Ainda não consigo acreditar o que os meus olhos estão lendo: um conflito entre o que estou percebendo e a razão, entre a interpretação e a lógica mais básica. No momento exato em que a atual pandemia da Covid-19 mostra números que falam de quase dois milhões de pessoas infetadas, Donald Trump, o atual presidente dos Estados Unidos, anuncia «a suspensão temporária do financiamento à organização (OMS), pelo gerenciamento da pandemia».
De dois dias a esta parte vinham-se tornando cada vez mais abertas as diferenças entre o diretor da OMS, quem fez um apelo para não politizar a pandemia; e as acusações do presidente Trump contra essa organização. Ainda assim, introduzir em meio da crise questões de dinheiro, é o tipo de gesto que, pela sua vulgaridade e consequências, parece que não pertence a nenhuma realidade conhecida.

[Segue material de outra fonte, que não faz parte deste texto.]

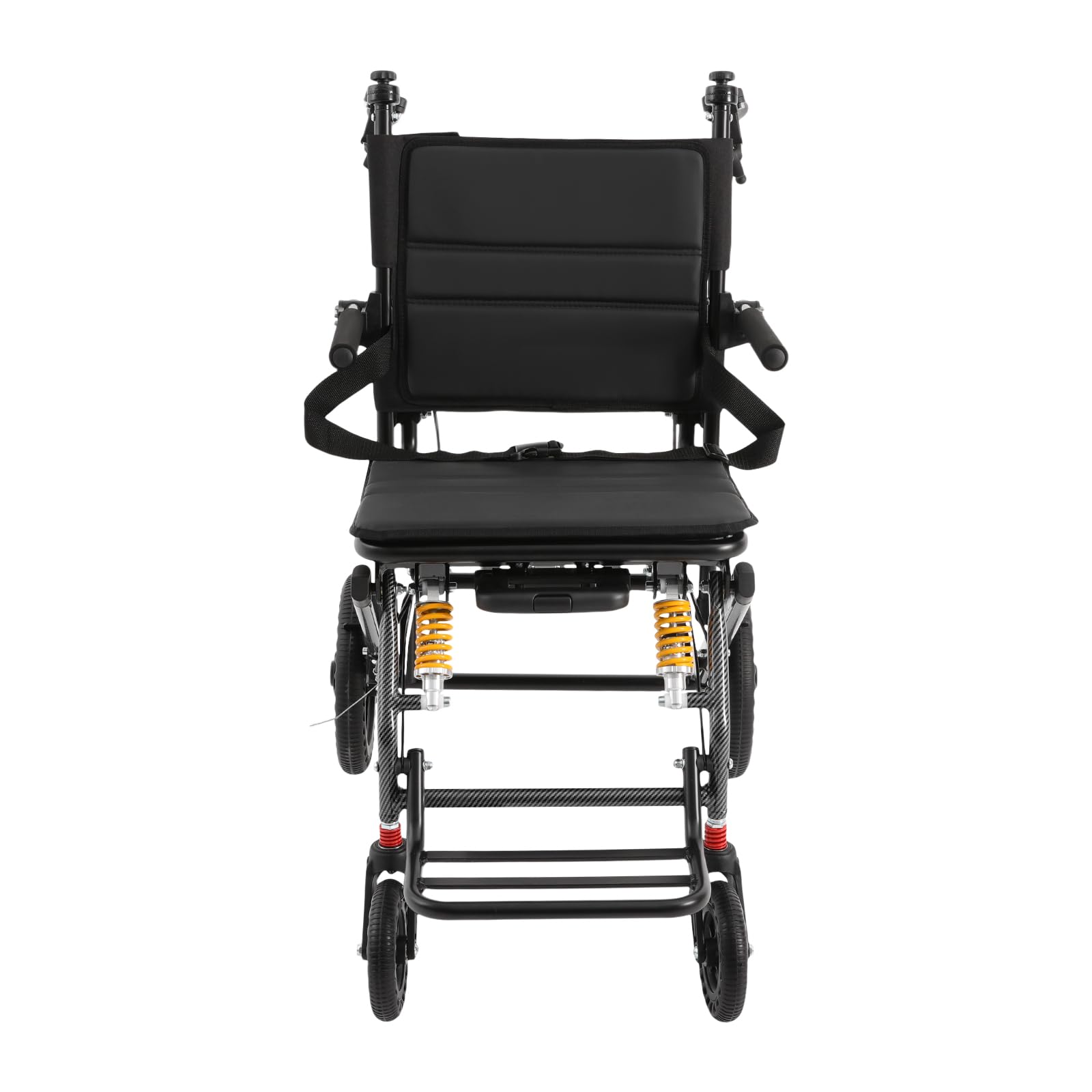 Silla de ruedas plegable de aluminio, peso ligero, hasta 100 kg, con freno de mano y ruedas antideslizantes, para personas mayores y ayuda a la movilidad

A vulgaridade vem de ter introduzido nas práticas de punições — junto com países, contra os quais é implementada uma política de hostilidade; diga-se Cuba, Venezuela, Nicarágua, Irã — organismos internacionais de alcance global. Quanto às consequências, se aceitarmos como válido o dato que oferece a BBC Mundo relativamente à contribuição dos EUA ao orçamento da OMS (15% do total); devemos supor que podem ocorrer duas coisas: uma entidade planetária, criada para atender, fomentar, coordenar e acompanhar problemas e política de saúde terá seu orçamento afetado, em meio da pior crise de saúde que a humanidade tenha conhecido nas últimas décadas.
E a segunda, e infinitamente cruel, é que a redução desse orçamento limitará capacidades de respostas, ação, troca e, afinal, coordenação, justamente quando isso é cada vez mais necessário para a espécie humana. Acaso alguém poderia prever como vai se traduzir o gesto imperial do Trump em aqueles países com sistemas de saúde fracos, onde enormes quantidades de pessoas moram em péssimas condições higiênicas e amontoadas?

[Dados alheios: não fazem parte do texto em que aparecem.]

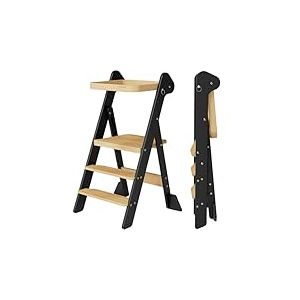 COSYLAND Tour d&rsquo;Observation Montessori Enfant Pliable &ndash; If Design Award, Tour d&rsquo;Apprentissage en Bois R&eacute;glable en Hauteur d&egrave;s 1 an avec Filet de S&eacute;curit&eacute;, Kitchen Helper B&eacute;b&eacute; &ndash; Noir & Naturel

A pandemia atual da Covid-19 é um acontecimento de tal magnitude que muitos veem em nosso presente uma guinada na história humana. Alguns garantem que é o fim do ciclo neoliberal; outros preveem que os costumem mudarão de forma radical. Nesse mundo novo não deverá haver espaço para que a política mundial seja transformada em uma soma de declarações e ações próprias de capangas.

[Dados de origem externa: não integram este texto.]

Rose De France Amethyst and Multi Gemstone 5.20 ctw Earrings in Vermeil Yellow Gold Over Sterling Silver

Precisamos o diálogo, o concerto, o respeito entre as partes e as alianças. E os países pequenos não podemos esquecer, nem um único segundo, que só os unindo poderemos fazer face às grandes crises, as de hoje e as do porvir.
Por sinal, gostaria imenso de poder ler outra vez as notícias e ver que me enganei, que em vez dessa doidice da ruptura haja oferecimento de maior colaboração.